That’s according to a 22-page brief filed this week by the city of Aspen in Pitkin County District Court, where DeGraff is suing the Aspen City Council and Aspen Liquor Licensing Authority.

DeGraff claims the city’s basis for rejecting his liquor license – the fact that he’d been a defendant in a string of civil lawsuits – unfairly sullied his reputation. He also contends the two bodies exceeded their authority when they denied his application for a liquor license for his start-up Aspen restaurant, Junk Aspen, on South Mill Street.



DeGraff aims to restore his reputation in the event he applies for future liquor licenses, and claims that because he has no criminal history he was wrongfully deemed a person of “bad moral character” by the two city bodies. A victory over the city would help repair his image, his attorney has said. He filed the suit in September, but has not specified an amount in monetary damages.

District Judge Gail Nichols is presiding over the case. She’s instructed both sides to offer written arguments, and she’ll determine whether oral arguments will also be necessary before a ruling is made.




On Monday, city special counsel Jim True filed a response claiming DeGraff’s complaint lacks any teeth, chiefly because Junk Aspen ultimately received a liquor license n September, when 99 percent of the ownership interests of Mill Street Aspen LLC, the corporate entity that owns the restaurant, were transferred from DeGraff’s name to his wife, Liza DeGraff.

“Very simply, Plaintiff Mill Street Aspen now has a liquor license,” True’s brief says. “What the Plaintiffs are requesting here is basically that the ‘reputation’ of Plaintiff DeGraff be restored.”

Yet DeGraff has failed to demonstrate that he’s suffered any injuries or damages, now that the liquor license has been issued, True argued.

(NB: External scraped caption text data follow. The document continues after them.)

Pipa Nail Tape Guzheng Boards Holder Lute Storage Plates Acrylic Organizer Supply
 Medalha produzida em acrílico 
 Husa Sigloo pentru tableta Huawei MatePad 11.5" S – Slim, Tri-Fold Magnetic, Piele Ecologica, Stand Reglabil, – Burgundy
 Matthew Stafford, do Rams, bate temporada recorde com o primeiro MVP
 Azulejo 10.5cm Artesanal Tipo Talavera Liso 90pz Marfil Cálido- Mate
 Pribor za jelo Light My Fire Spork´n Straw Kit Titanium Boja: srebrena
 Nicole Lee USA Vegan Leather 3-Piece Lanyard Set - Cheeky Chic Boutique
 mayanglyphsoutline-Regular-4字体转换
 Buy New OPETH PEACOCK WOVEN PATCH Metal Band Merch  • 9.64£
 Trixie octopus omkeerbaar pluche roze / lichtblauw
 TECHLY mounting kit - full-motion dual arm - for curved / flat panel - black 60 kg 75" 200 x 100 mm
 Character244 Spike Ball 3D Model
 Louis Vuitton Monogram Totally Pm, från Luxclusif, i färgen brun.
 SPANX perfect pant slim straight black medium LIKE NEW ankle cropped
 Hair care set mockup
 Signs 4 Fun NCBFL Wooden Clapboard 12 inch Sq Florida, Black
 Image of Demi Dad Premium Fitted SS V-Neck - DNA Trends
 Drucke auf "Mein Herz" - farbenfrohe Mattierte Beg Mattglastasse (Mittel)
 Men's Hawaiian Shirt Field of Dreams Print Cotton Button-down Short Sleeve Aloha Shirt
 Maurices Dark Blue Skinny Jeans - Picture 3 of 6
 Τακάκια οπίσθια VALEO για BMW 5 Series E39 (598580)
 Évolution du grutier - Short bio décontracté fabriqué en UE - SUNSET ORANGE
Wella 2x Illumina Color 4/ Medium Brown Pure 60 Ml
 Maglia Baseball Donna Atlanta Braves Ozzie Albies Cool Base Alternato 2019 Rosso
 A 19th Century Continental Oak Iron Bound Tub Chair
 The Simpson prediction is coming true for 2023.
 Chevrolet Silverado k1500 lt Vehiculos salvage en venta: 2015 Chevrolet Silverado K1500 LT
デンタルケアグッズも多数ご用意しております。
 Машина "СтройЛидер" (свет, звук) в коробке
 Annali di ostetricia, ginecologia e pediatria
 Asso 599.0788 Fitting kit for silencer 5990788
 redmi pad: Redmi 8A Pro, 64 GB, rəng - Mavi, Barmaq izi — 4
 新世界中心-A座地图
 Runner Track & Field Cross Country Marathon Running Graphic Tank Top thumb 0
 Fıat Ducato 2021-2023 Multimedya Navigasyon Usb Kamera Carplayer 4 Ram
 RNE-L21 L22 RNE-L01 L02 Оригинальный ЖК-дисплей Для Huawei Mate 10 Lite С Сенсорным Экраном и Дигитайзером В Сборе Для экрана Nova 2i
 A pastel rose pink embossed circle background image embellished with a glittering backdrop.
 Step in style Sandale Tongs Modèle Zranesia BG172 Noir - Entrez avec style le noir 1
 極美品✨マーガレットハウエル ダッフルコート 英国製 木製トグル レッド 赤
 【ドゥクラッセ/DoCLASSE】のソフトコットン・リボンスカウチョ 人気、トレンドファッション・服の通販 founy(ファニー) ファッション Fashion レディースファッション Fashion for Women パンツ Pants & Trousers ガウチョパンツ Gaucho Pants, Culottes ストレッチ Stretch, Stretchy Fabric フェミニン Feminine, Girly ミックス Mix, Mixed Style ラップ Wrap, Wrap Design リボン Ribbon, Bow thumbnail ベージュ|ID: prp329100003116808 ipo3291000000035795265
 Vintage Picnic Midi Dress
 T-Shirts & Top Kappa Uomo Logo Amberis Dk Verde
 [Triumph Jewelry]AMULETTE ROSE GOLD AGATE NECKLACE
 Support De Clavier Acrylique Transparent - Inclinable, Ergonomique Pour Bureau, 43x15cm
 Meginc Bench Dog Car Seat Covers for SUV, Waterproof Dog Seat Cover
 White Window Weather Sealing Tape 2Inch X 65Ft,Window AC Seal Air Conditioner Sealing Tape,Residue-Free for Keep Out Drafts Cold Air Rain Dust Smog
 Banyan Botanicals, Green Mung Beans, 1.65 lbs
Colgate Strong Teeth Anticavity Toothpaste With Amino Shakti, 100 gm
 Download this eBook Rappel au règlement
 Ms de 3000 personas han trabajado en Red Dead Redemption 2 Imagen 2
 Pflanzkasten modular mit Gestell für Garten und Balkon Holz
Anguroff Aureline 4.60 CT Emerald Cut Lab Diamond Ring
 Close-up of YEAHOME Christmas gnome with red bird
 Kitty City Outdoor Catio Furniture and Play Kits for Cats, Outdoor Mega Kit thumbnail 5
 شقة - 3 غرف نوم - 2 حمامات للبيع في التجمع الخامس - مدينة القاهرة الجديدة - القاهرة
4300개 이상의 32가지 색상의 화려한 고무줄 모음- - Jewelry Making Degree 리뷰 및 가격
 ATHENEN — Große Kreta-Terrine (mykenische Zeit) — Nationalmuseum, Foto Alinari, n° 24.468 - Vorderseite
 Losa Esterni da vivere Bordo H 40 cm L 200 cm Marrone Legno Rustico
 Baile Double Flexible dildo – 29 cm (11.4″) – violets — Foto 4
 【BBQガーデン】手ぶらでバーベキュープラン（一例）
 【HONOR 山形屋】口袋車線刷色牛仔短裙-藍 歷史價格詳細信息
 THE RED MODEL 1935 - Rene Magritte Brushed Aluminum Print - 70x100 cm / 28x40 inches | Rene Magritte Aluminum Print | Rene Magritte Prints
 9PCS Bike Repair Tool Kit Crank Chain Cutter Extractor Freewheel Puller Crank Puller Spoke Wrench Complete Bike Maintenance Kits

Were the court to allow DeGraff’s lawsuit to continue, the Liquor Licensing Authority and City Council still acted properly when they denied his liquor-license application, True maintained.

In a Feb. 4 filing, DeGraff’s attorney, Adam Stapen of Denver, contended that that the Colorado Liquor Code did not condone the City Council’s decision, and that “DeGraff does not have a record of felonies or offenses involving moral turpitude. There is no competent evidence in the record to justify the City Council’s decision.”

This week’s brief from the city, however, says “there is simply no legitimate argument that the City’s evaluation of the good moral character of an applicant is limited to criminal conviction.”

Also noted by the city is an Illinois state court judgment against DeGraff in 2004. That’s when DeGraff and other defendants were ordered to pay $1 million in a business dispute; but more important, DeGraff filed a false affidavit with the Illinois court. The city contends that action “did constitute a crime in Illinois and would be a crime in Colorado.”

The city, during last summer’s liquor license hearings, also “heard evidence that Mr. DeGraff was involved in ongoing litigation seeking damages from him or his company in amounts totaling $4,000,000,” True wrote.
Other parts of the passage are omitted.